Probably Windows needs ~2-3Gb for itself, regardless of how much ram the system has. So a system with more ram has a larger proportion available for applications to use.
And Windows 10 probably needs more memory than Windows 7. Chris |
[QUOTE=kriesel;502210]
16GB ram on a Windows 10 system, with 2 workers, refused 8000MB, said 7281 max. 7281MB*2/(16*1024) =~0.8888, while 8000MB*2/(16*1024)=~0.9766. The question remains, why the odd 7281 MB figure?[/QUOTE] My bad, remembered the Win10 system wrong, it's 16GB-[U][I]CAPABLE[/I][/U], 8GB [U]installed[/U] currently. Win10 and the rest of prime95 V29.4b8 including a primality test worker are getting by in the remaining 8192-7281 max=911 MB min. It's currently using 6531 MB of the 7281 MB in a P-1 run. |
CPU usage, Intel i9-7900X @3.3GHz
I'm on Windows 7 Pro. My CPU has 10 physical cores, 20 logical cores and 64GB of ram.
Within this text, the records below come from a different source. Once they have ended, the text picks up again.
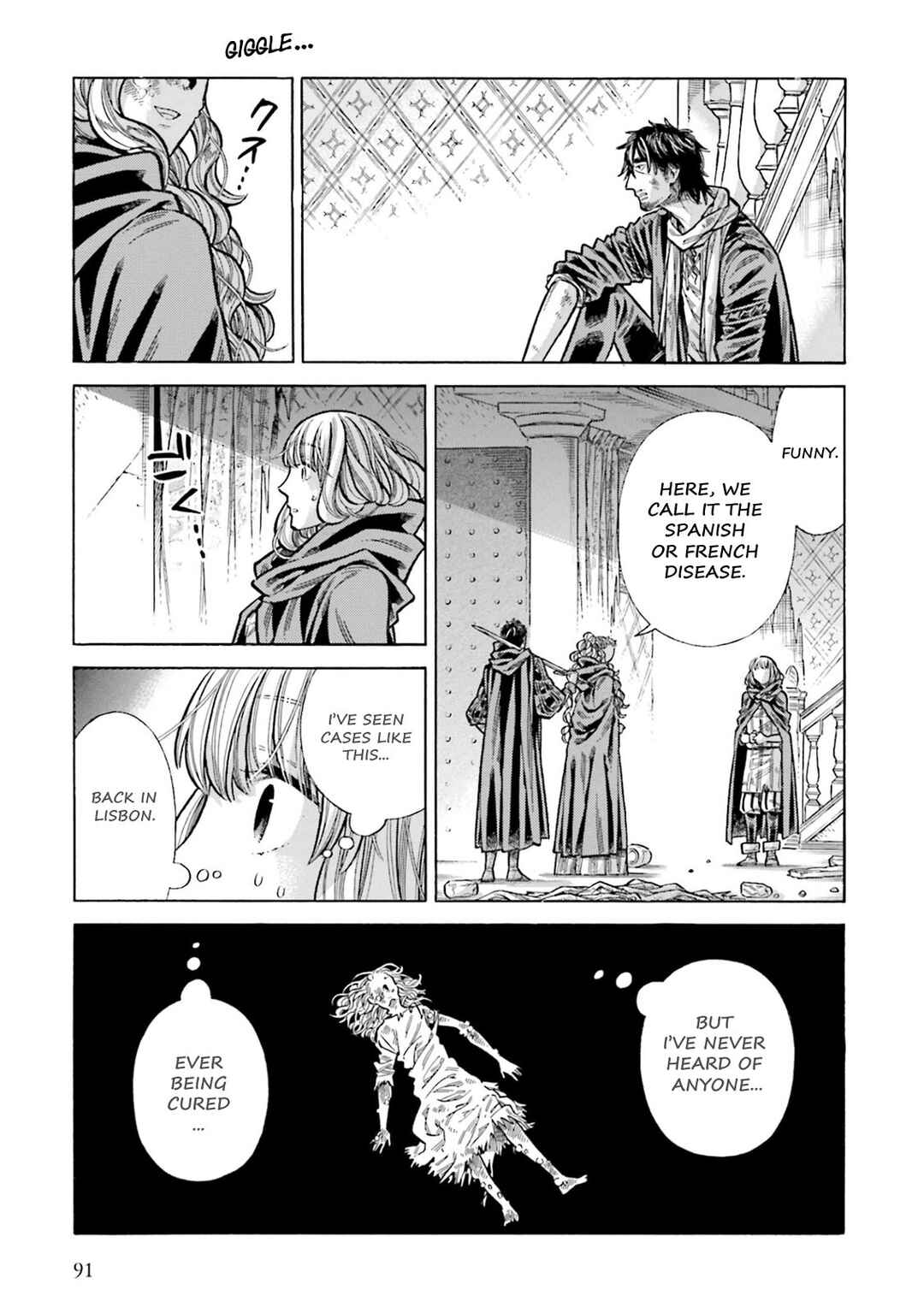 Page 19 Chapter 102 Arte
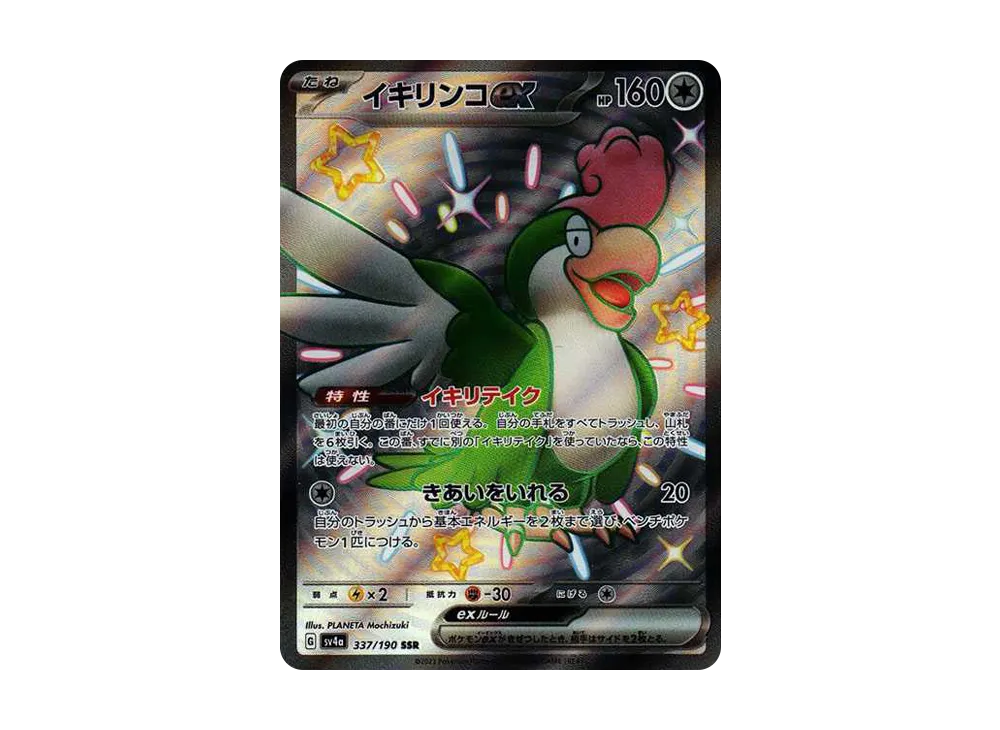 イキリンコex SSR [SV4a 337/190](ハイクラスパック「シャイニートレジャーex」)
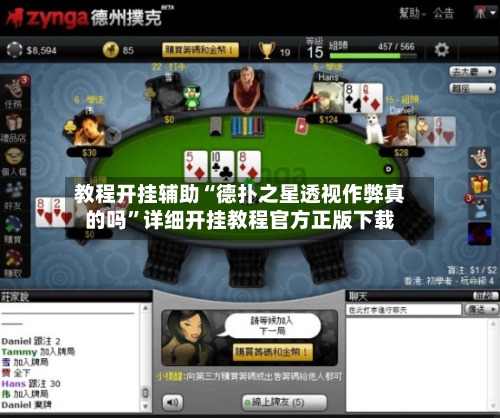 教程开挂辅助“德扑之星透视作弊真的吗	”详细开挂教程官方正版下载-第2张图片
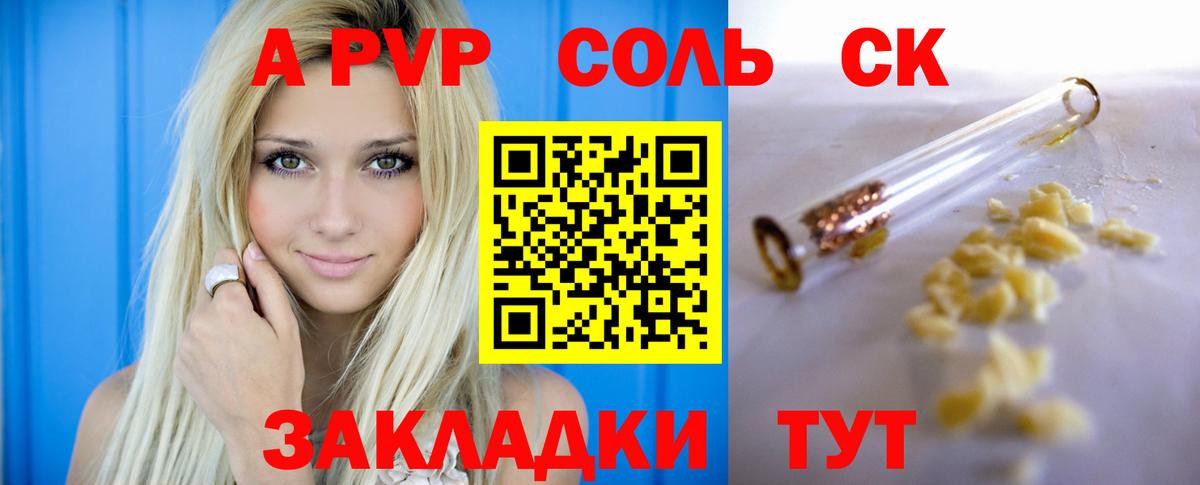 Alpha-PVP мука  Вход с VPN  А ПВП кристаллы  Искитим  Alpha-PVP кристаллы 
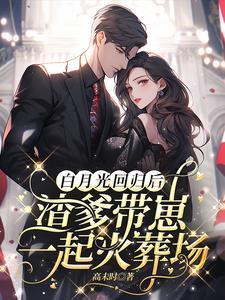 白月光带崽回来了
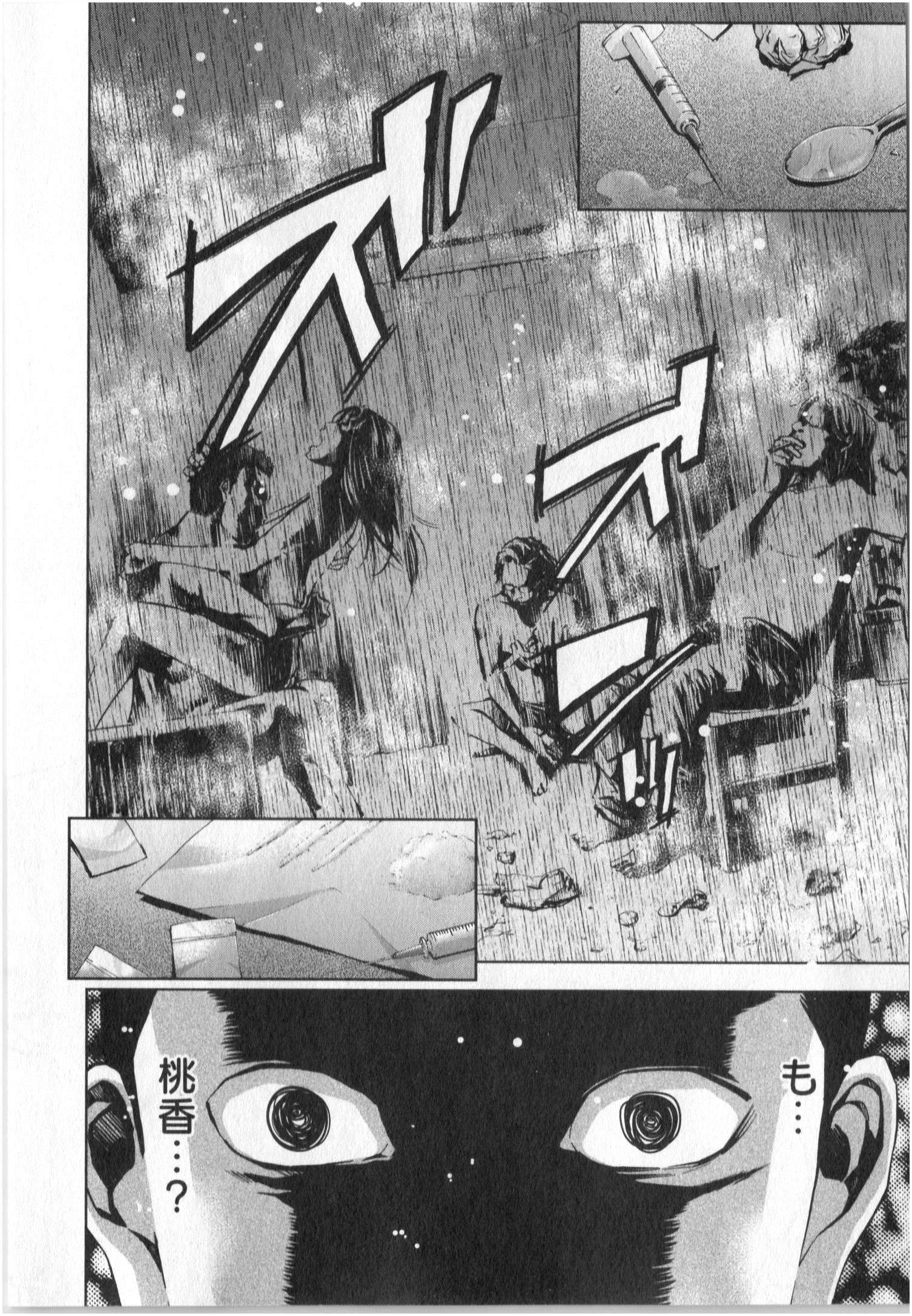 Funouhan - Chapter 3 - Page 25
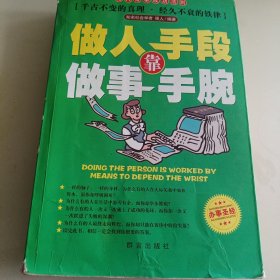 做人靠手段做事靠手腕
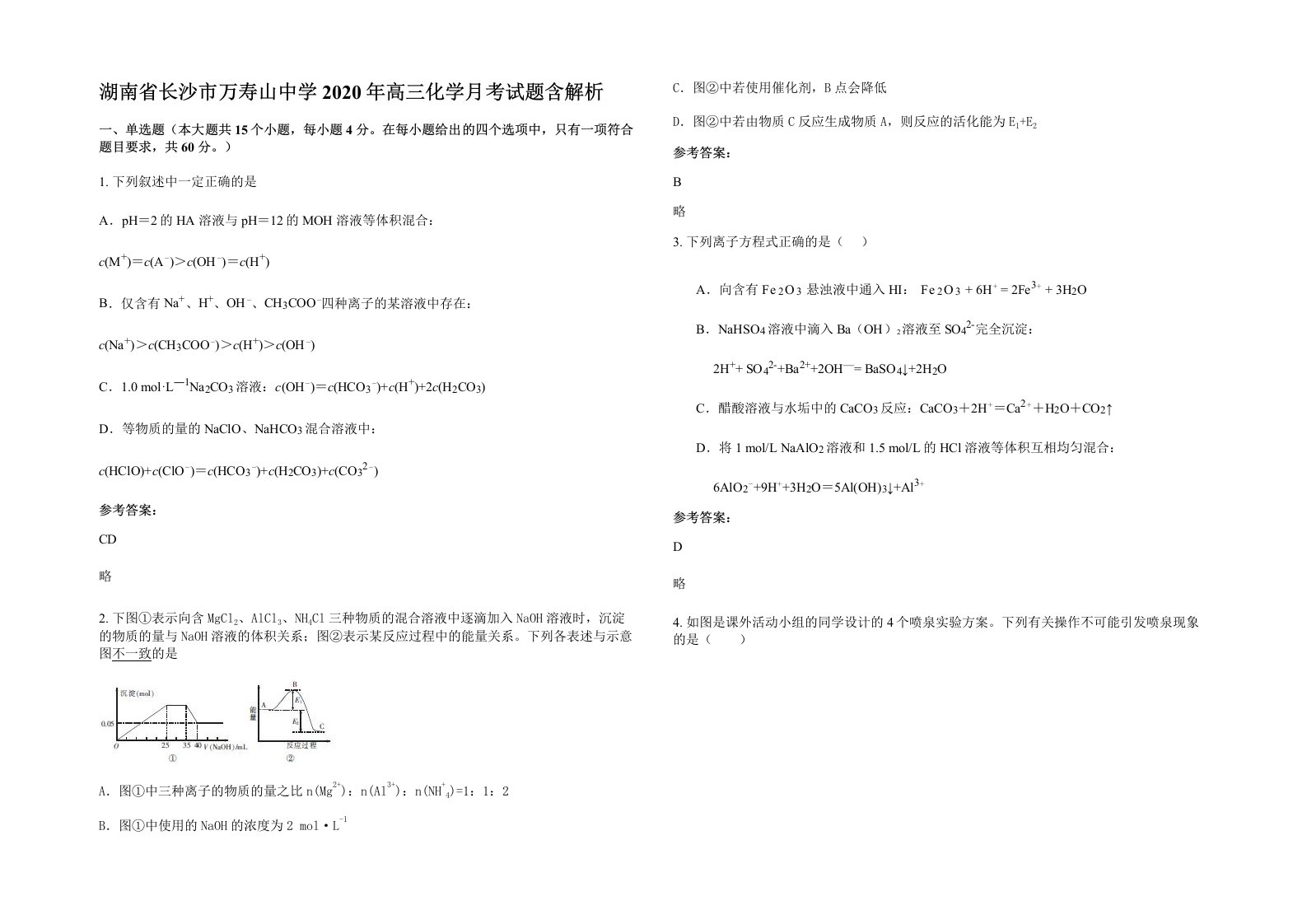 湖南省长沙市万寿山中学2020年高三化学月考试题含解析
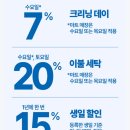 증평세탁소 이미지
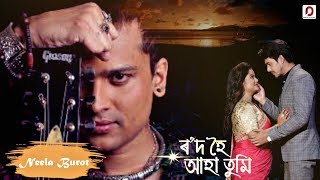 NEELA BUROT Official Music Video  Rowd Hoi Aha Tumi  Zubeen  Poran  Rajdweep [upl. by Avrenim]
When I run single-threaded programs I can run 20 of them at 'full speed' which is reflected by the CPU usage being shown as 100% in task manager. When I run Prime95 and set everything as it recommends (and using 32GB of ram) it decides on 6 workers and task manager shows 65% usage, ie 13 threads. I tried setting number of CPU cores etc in local.txt: NumCPUs=10 CpuNumHyperthreads=2 CpuSpeed=3300 ...makes no difference. If you try to change to 7 workers it grumbles then if you force it, it drops to around 30% CPU usage. Is there any way to get it to fully utilise the 20 threads? Also the completion estimates are way, way out. Every minute or so it gives a new estimate for each worker, and that estimate drops by between 7 and 20 minutes each time. Will this be fixed after the program runs a benchmark over the next day or so? |
Try with:
WorkerThreads=5 CoresPerTest=2 HyperthreadLL=1 or if you want fewer workers: WorkerThreads=2 CoresPerTest=5 HyperthreadLL=1 But it might be faster to disable hyperthreading in the BIOS, it is very rare that HT is faster in Prime95 because everything is capped by the RAM speed. HT is designed for "normal" tasks like browsing, word processing etc. where each thread to not utilize the core fully, so another thread can successfully use it some of the time. |
[QUOTE=theonetruepath;503651]I'm on Windows 7 Pro. My CPU has 10 physical cores, 20 logical cores and 64GB of ram.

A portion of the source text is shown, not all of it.